Archiefbeeld
NOS Nieuws

'Wachten op fout van afzender', de jacht op de persoon achter bombrieven

Begin dit jaar volgden de nieuwsberichten elkaar in rap tempo op: op verschillende plaatsen in het land werden bom- en dreigbrieven afgeleverd. Na 10 januari bleef het stil, tot vandaag. De situatie is plots dreigender geworden, want voor het eerst kwamen twee brieven tot ontploffing. Hoe kan de politie de dader pakken?

We weten nu dat het gaat om een afperser die bitcoins eist.

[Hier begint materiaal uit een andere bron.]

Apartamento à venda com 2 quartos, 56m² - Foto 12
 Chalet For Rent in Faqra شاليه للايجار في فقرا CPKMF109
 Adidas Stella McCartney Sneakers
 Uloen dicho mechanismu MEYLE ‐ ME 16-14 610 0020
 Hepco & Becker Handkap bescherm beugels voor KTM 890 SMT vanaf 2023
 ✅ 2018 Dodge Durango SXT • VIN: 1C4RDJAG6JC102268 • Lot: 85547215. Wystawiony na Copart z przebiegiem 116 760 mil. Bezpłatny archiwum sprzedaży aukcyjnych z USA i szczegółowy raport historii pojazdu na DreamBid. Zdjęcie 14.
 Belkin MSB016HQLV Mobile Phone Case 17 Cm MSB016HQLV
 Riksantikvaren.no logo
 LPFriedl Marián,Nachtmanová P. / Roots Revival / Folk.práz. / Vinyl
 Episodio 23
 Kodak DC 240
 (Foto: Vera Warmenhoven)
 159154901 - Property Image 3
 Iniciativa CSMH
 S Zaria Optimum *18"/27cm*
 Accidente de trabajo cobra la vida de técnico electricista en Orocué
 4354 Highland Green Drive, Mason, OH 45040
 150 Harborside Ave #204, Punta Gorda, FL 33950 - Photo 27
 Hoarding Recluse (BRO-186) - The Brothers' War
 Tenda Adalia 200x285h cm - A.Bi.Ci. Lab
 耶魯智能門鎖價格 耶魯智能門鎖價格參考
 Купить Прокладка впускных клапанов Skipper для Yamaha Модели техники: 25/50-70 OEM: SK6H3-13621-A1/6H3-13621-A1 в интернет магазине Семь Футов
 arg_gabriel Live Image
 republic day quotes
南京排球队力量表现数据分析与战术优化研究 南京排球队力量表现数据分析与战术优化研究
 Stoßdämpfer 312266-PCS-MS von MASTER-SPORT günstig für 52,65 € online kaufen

Ook gaat de politie ervan uit dat het om dezelfde dader(s) gaat als in januari, hoewel het uiterlijk van de brieven verschilt.

Verder is er veel nog onduidelijk. Ook omdat de politie niet te veel wil prijsgeven over het onderzoek. "We willen diegene niet wijzer maken dan hij al is", zei de politie eerder al.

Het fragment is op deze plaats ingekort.